Each line from the one with "Lounge Chair and" through the final line of the entries below must be printed exactly, and the pictures must not be.

(Data records)
━━━━━━━━━━━━━━━━

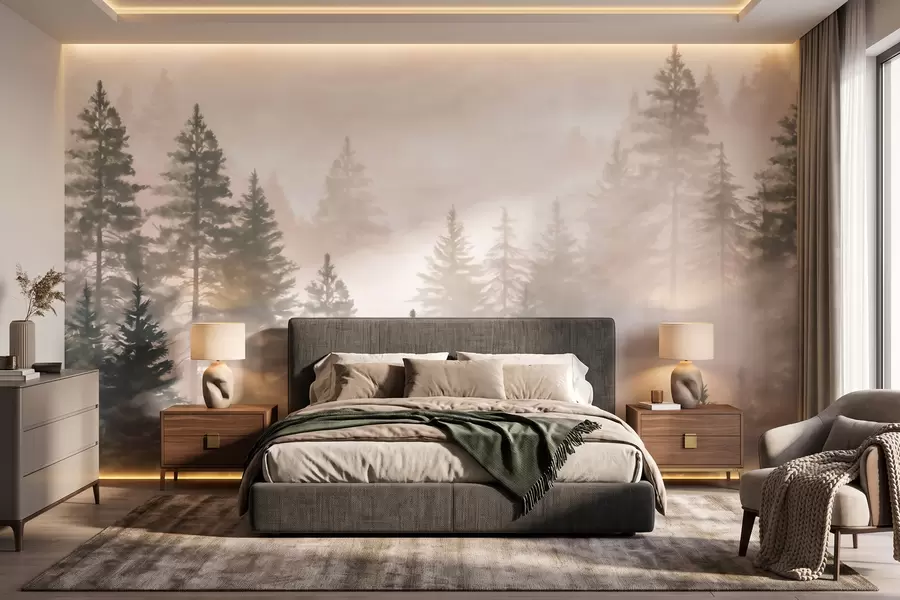 murais de parede Floresta de coníferas enevoada em tons de verde escuro, em estilo aquarela w09929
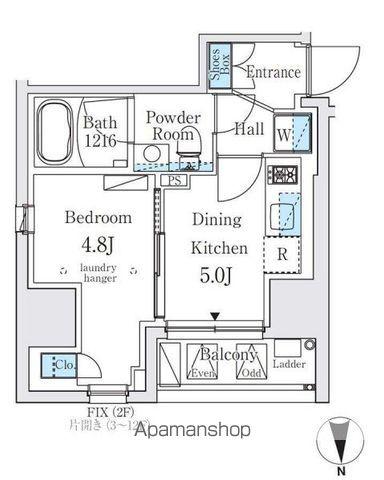 ジオエント秋葉原(1DK/3階)の間取り写真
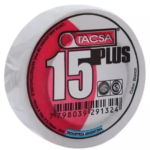CINTA AISLADORA BLANCA TACSA 15PLUS 19MMX20MTSX0.15MM
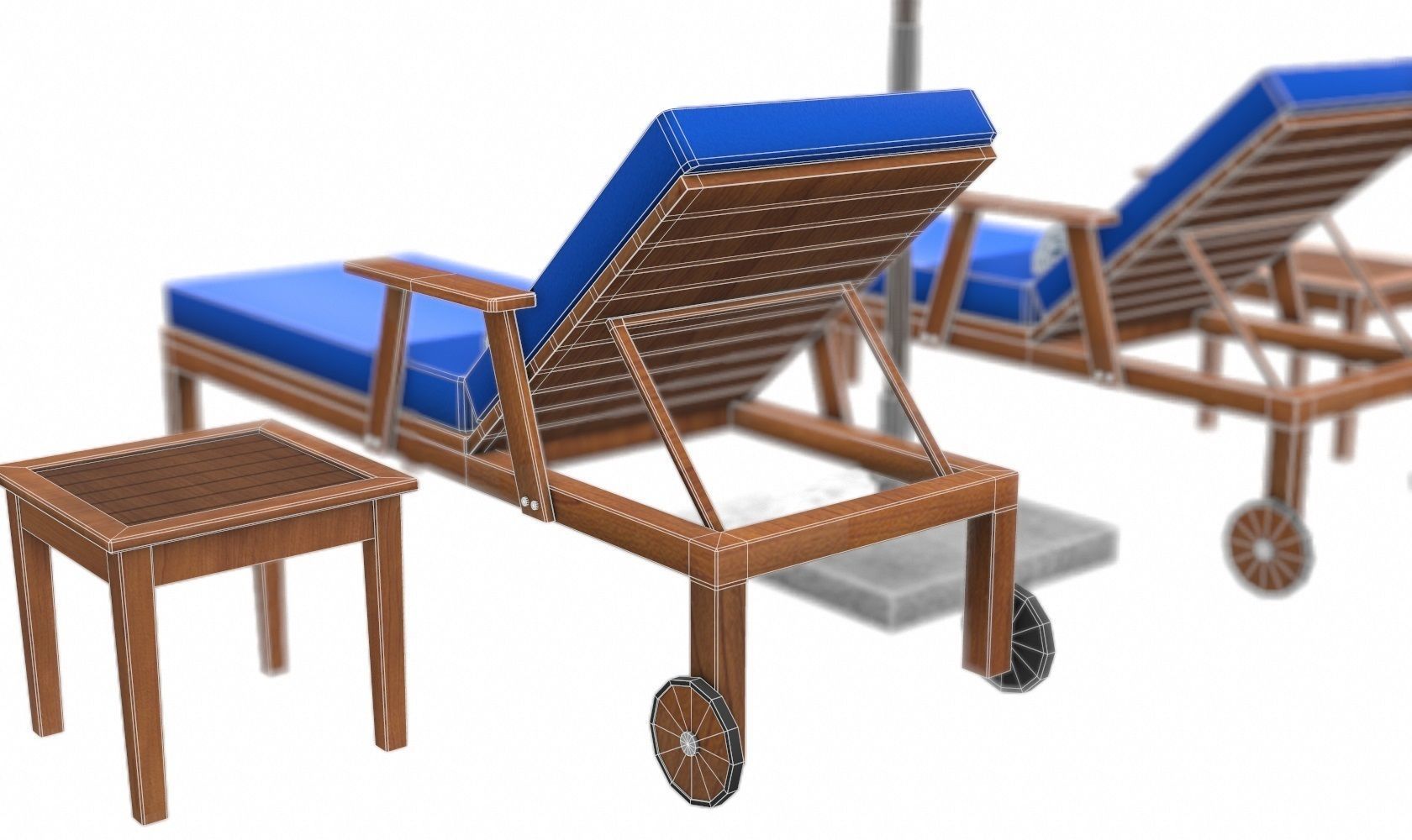Lounge Chair and Umbrella  Low-poly 3D model_18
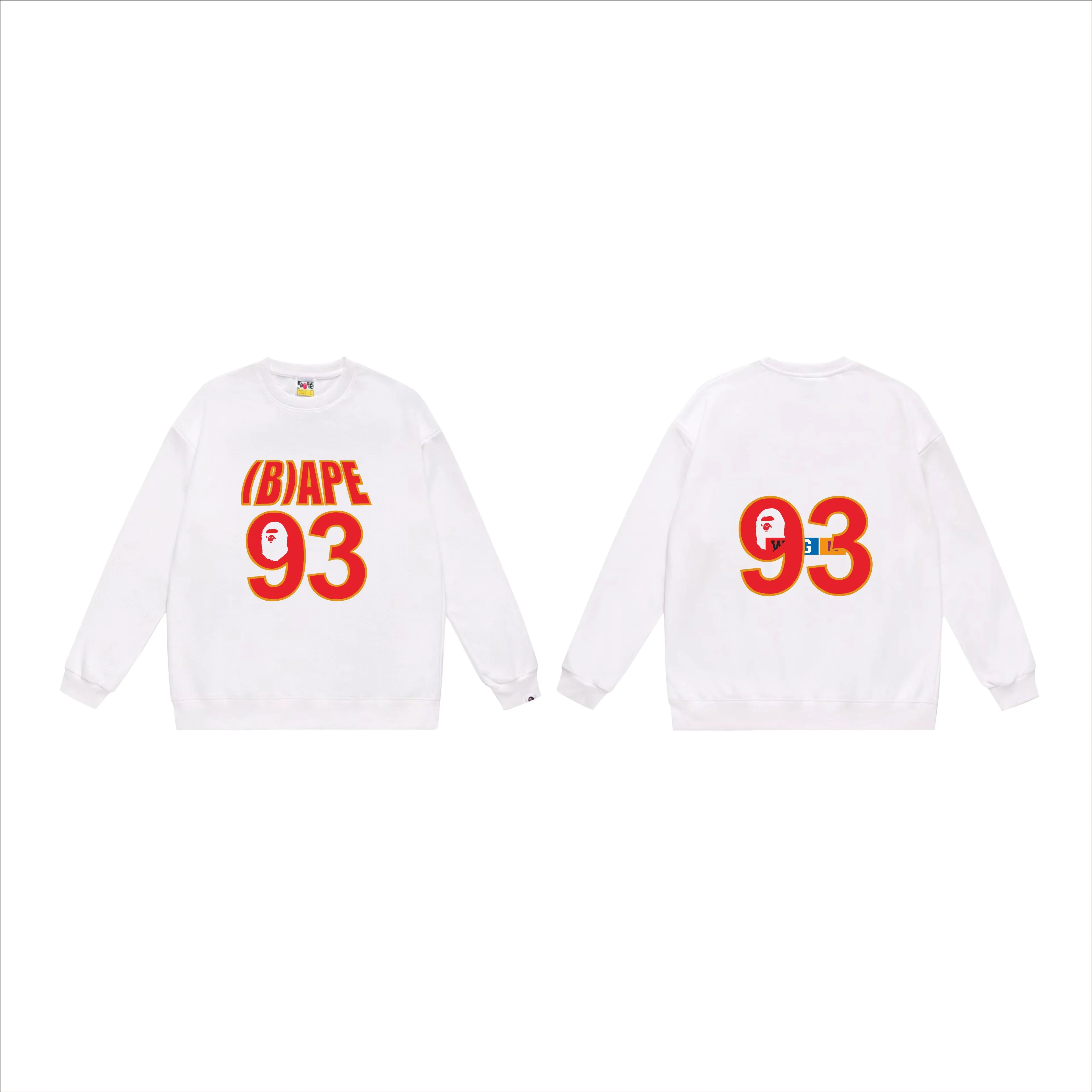 P150 model number SC530# terry 75 plus velvet 80 (top version) BAPE ape head WGM alphanumeric print pattern round neck sweatshirt Made of 350g large terry (drop shoulder large version) fabric, soft texture and no pilling Imported environmentally friendly printing glue The pattern is bright and three-dimensional Quality 💥Same style for men and women The upper body is trendy Color: black white gray Size: S M L XL XXL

━━━━━━━━━━━━━━━━

▶ **Expected answer**
Lounge Chair and Umbrella  Low-poly 3D model_18
 P150 model number SC530# terry 75 plus velvet 80 (top version) BAPE ape head WGM alphanumeric print pattern round neck sweatshirt Made of 350g large terry (drop shoulder large version) fabric, soft texture and no pilling Imported environmentally friendly printing glue The pattern is bright and three-dimensional Quality 💥Same style for men and women The upper body is trendy Color: black white gray Size: S M L XL XXL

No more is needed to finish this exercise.